## TASK STATEMENT
Give again only what runs from the line with "Building Photo - 500 Sherbourne St #2701" to the final line of the entries below, exactly as written and without pictures.

MATERIAL SHOWN: Begin

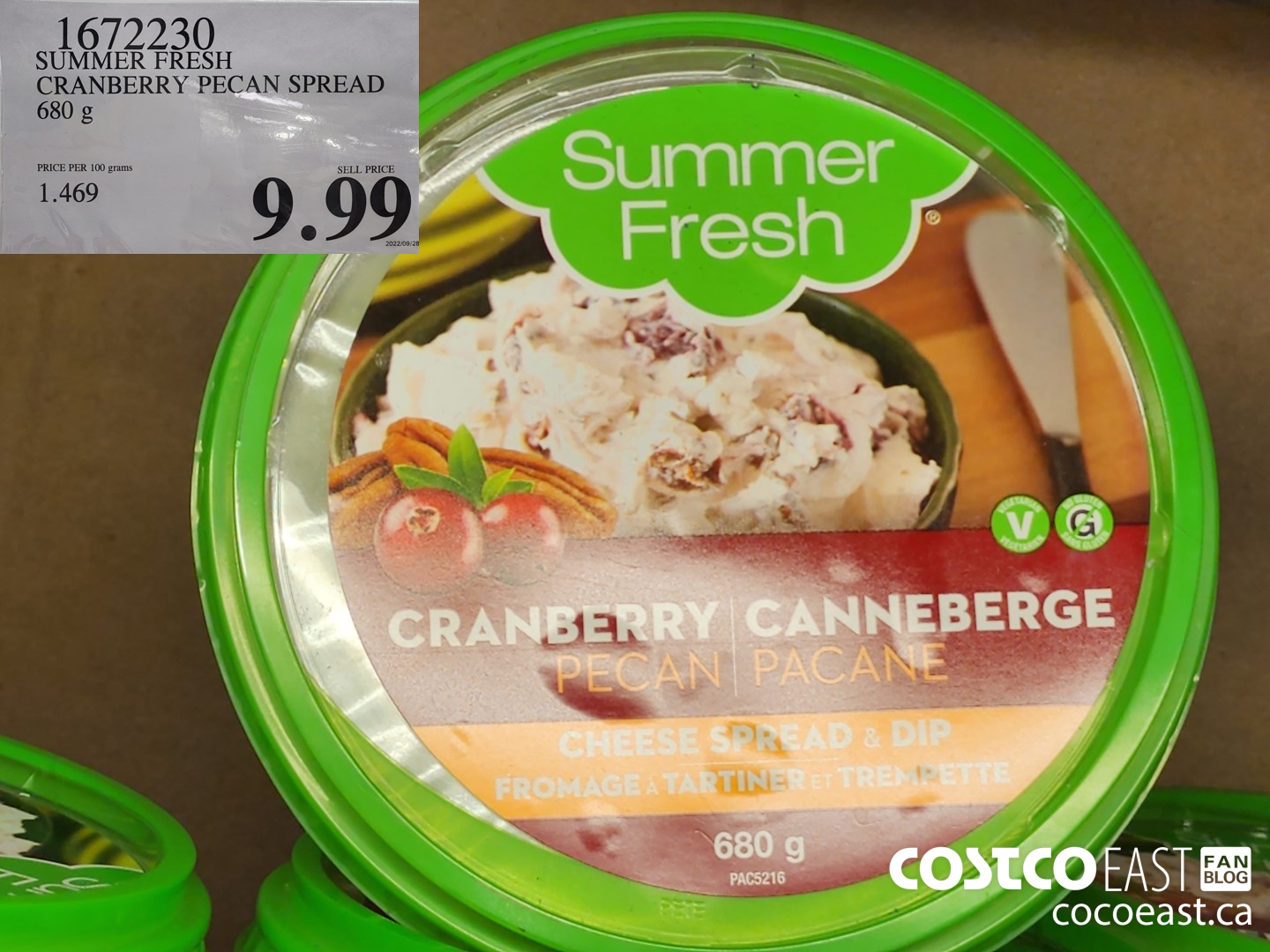1672230 SUMMER FRESH CRANBERRY PECAN SPREAD 680 g 9 99 Costco East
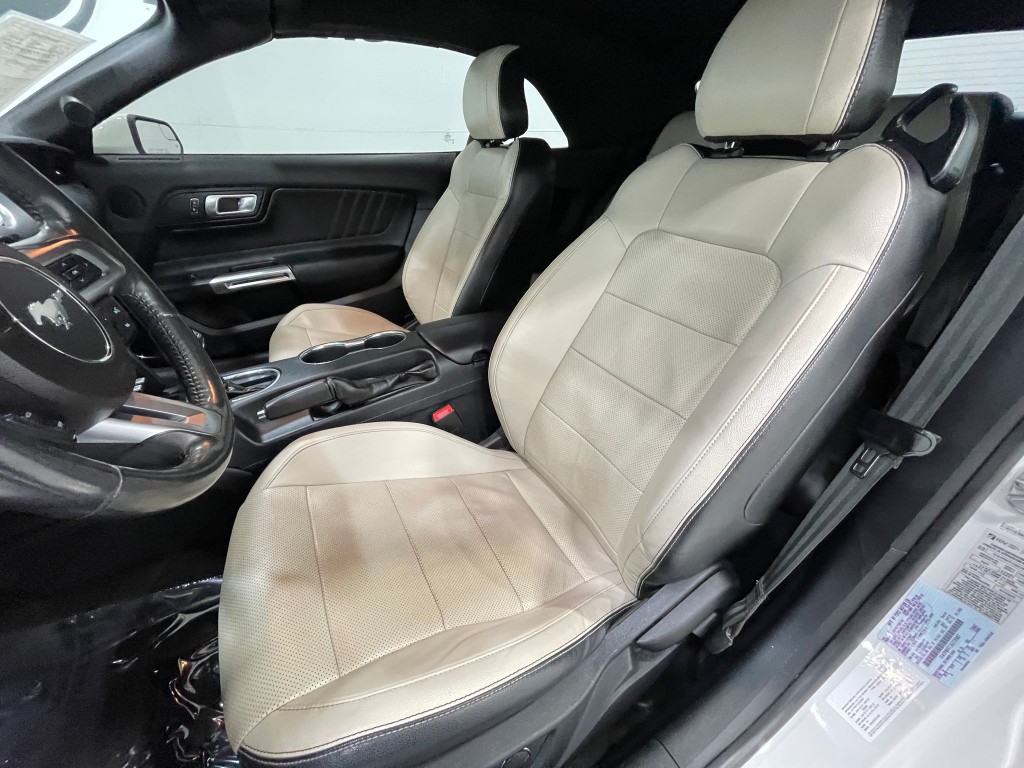 2018 Ford Mustang Image 13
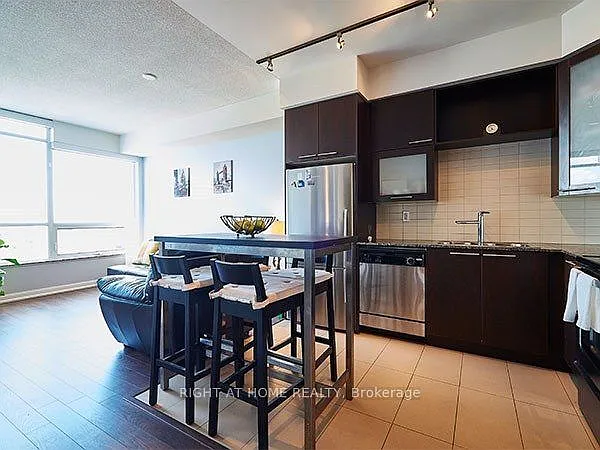 Building Photo - 500 Sherbourne St #2701
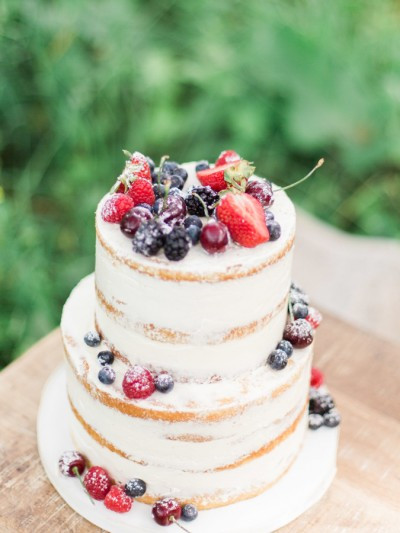 Fruity Wedding Cakes
 15 Beautifully Simple Wedding Cakes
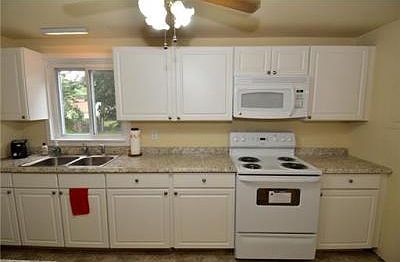 2nd image of 2722 Southeast Dr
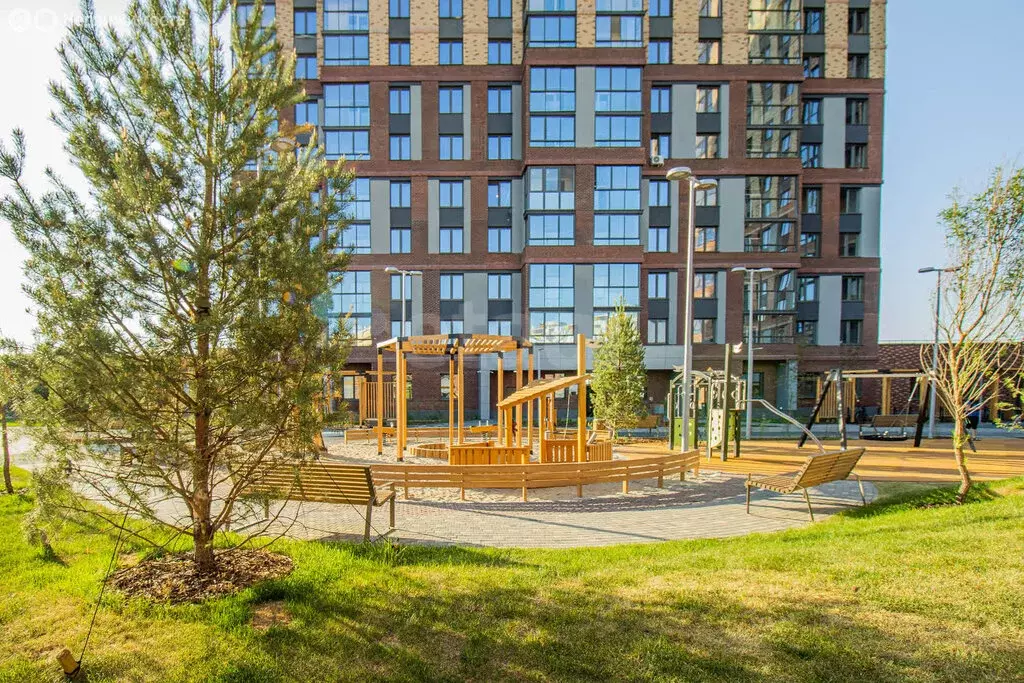3-комнатная квартира: Тюмень, улица Фармана Салманова, 12 (81 м) - Фото 0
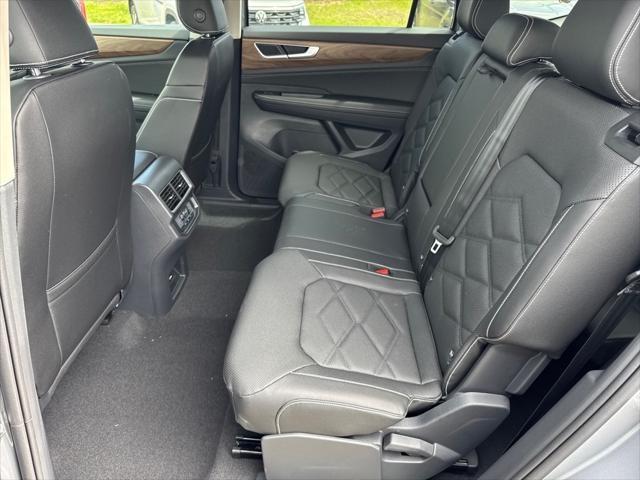 new 2025 Volkswagen Atlas car, priced at $40,192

MATERIAL SHOWN: End

## ANSWER SPACE
 Building Photo - 500 Sherbourne St #2701
 Fruity Wedding Cakes
 15 Beautifully Simple Wedding Cakes
 2nd image of 2722 Southeast Dr
3-комнатная квартира: Тюмень, улица Фармана Салманова, 12 (81 м) - Фото 0
 new 2025 Volkswagen Atlas car, priced at $40,192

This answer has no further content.